# Pheno-Boundary: Dynamic Agricultural Parcel Delineation and Stability Analysis

**Multi-year field boundary detection and temporal stability monitoring using Sentinel-2 imagery and the Fields of The World (FTW) neural network.**

---

## Table of Contents

1. [Setup and Configuration](#1-setup-and-configuration)
2. [Phase 1: Data Exploration](#2-phase-1-data-exploration)
   - STAC Connection
   - Data Discovery
   - Temporal Distribution Analysis
3. [Phase 2: Preprocessing](#3-phase-2-preprocessing)
   - Cloud Masking
   - Seasonal Compositing
4. [Phase 3: FTW Model Inference](#4-phase-3-ftw-model-inference)
5. [Phase 4: Stability Analysis](#5-phase-4-stability-analysis)
6. [Phase 5: Visualization](#6-phase-5-visualization)

---

## Study Area

- **Location**: South Tyrol, Italy (Alpine agricultural valley)
- **Bounding Box**: `[11.290770, 46.356466, 11.315060, 46.389037]`
- **Period**: 2020-2024 (4+ years)
- **Terrain**: Alpine valley with orchards, vineyards, hay meadows

---

## 1. Setup and Configuration

In [None]:
# Install required dependencies (uncomment if needed)
# !pip install -q pystac-client xarray rioxarray zarr dask distributed pyproj geopandas matplotlib seaborn pandas

In [None]:
# Import core libraries
import os
import sys
import warnings
warnings.filterwarnings('ignore')

import numpy as np
import pandas as pd
import xarray as xr
import matplotlib.pyplot as plt
import seaborn as sns

# STAC and geospatial
from pystac_client import Client
from pyproj import Transformer
import geopandas as gpd
from shapely.geometry import box

# Set plotting style
plt.style.use('seaborn-v0_8-darkgrid')
sns.set_palette("husl")

print("✓ Libraries imported successfully")

In [None]:
# Load configuration from pheno-boundary/configs/config.yaml
import yaml

config_path = "pheno-boundary/configs/config.yaml"

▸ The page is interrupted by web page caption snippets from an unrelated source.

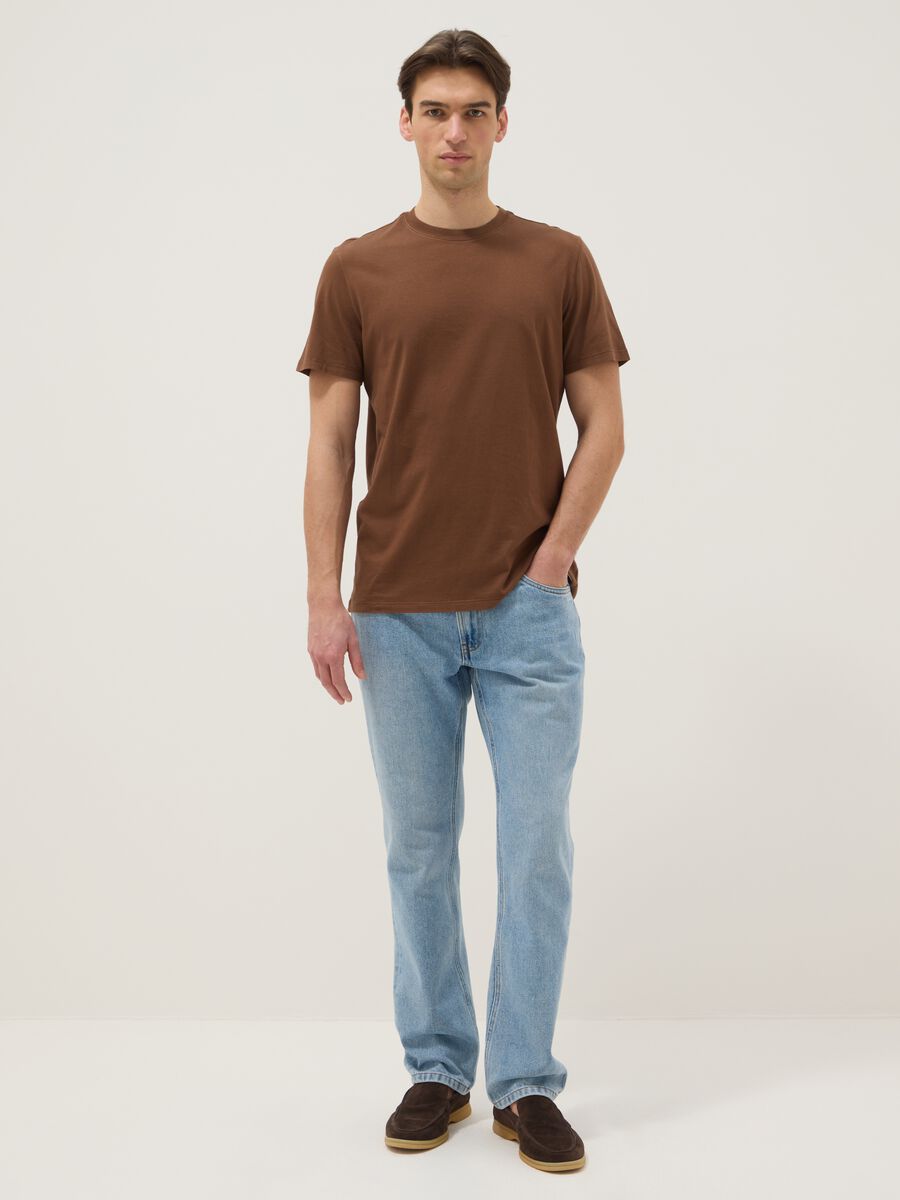 Brown crew neck pure cotton regular fit t-shirt_1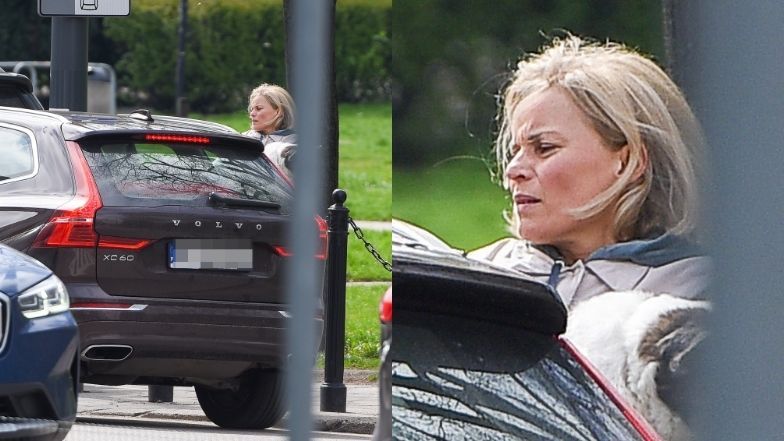 Małgorzata Foremniak wyprowadza psa, a jej partner blokuje ulicę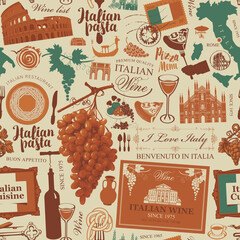Seamless pattern on the theme of Italy and Italian cuisine in retro style on an old paper background. Suitable for wallpaper, wrapping paper or fabric design. Repeating vector background - 480960357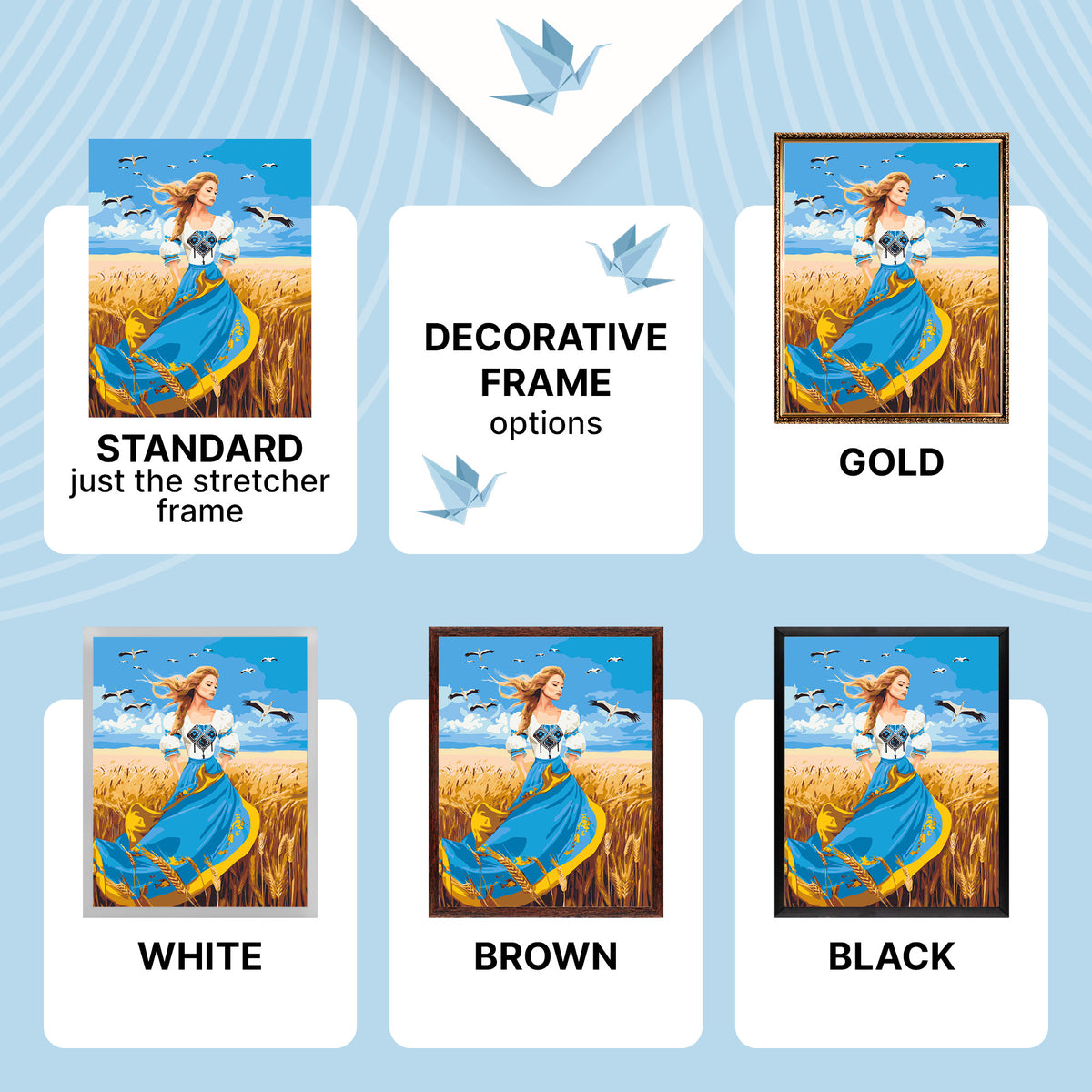 Malen nach Zahlen auf Keilrahmen 40×50 cm – Mädchen im blau-gelben Kleid – Landschaft/Menschen – LW 32580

with open(config_path, 'r') as f:
    config = yaml.safe_load(f)

print("Configuration loaded:")
print(f"  Project: {config['project']['name']}")
print(f"  AOI: {config['aoi']['name']}")
print(f"  Years: {config['temporal']['years']}")
print(f"  STAC Catalog: {config['data']['stac_catalog']}")

In [None]:
# Extract configuration variables
STAC_CATALOG_URL = config['data']['stac_catalog']
COLLECTION = config['data']['collection']

# Area of Interest (WGS84)
BBOX = [
    config['aoi']['bbox']['west'],
    config['aoi']['bbox']['south'],
    config['aoi']['bbox']['east'],
    config['aoi']['bbox']['north']
]

# Temporal range
START_DATE = config['temporal']['start_date']
END_DATE = config['temporal']['end_date']
TARGET_YEARS = config['temporal']['years']

# Bands
BANDS_10M = config['data']['bands_10m']
BANDS_20M = config['data']['bands_20m']

print(f"\nArea of Interest: {BBOX}")
print(f"Temporal Range: {START_DATE} to {END_DATE}")
print(f"Target Years: {TARGET_YEARS}")
print(f"Bands (10m): {BANDS_10M}")
print(f"Bands (20m): {BANDS_20M}")

---

## 2. Phase 1: Data Exploration

### 2.1 Connect to EOPF STAC Catalog

In [None]:
# Connect to STAC catalog
print(f"Connecting to STAC catalog: {STAC_CATALOG_URL}")

catalog = Client.open(STAC_CATALOG_URL)

print(f"✓ Connected successfully")
print(f"\nCatalog ID: {catalog.title if hasattr(catalog, 'title') else 'N/A'}")

# List available collections
collections = list(catalog.get_collections())
print(f"\nAvailable collections: {len(collections)}")
for coll in collections[:5]:  # Show first 5
    print(f"  - {coll.id}")

### 2.2 Query Sentinel-2 Data for AOI and Time Range

In [None]:
# Search for Sentinel-2 L2A data
print(f"Searching for {COLLECTION} data...")
print(f"  AOI: {BBOX}")
print(f"  Date range: {START_DATE} to {END_DATE}")

search = catalog.search(
    collections=[COLLECTION],
    bbox=BBOX,
    datetime=[START_DATE, END_DATE],
)

# Fetch all items
items = list(search.items())

print(f"\n✓ Found {len(items)} Sentinel-2 scenes")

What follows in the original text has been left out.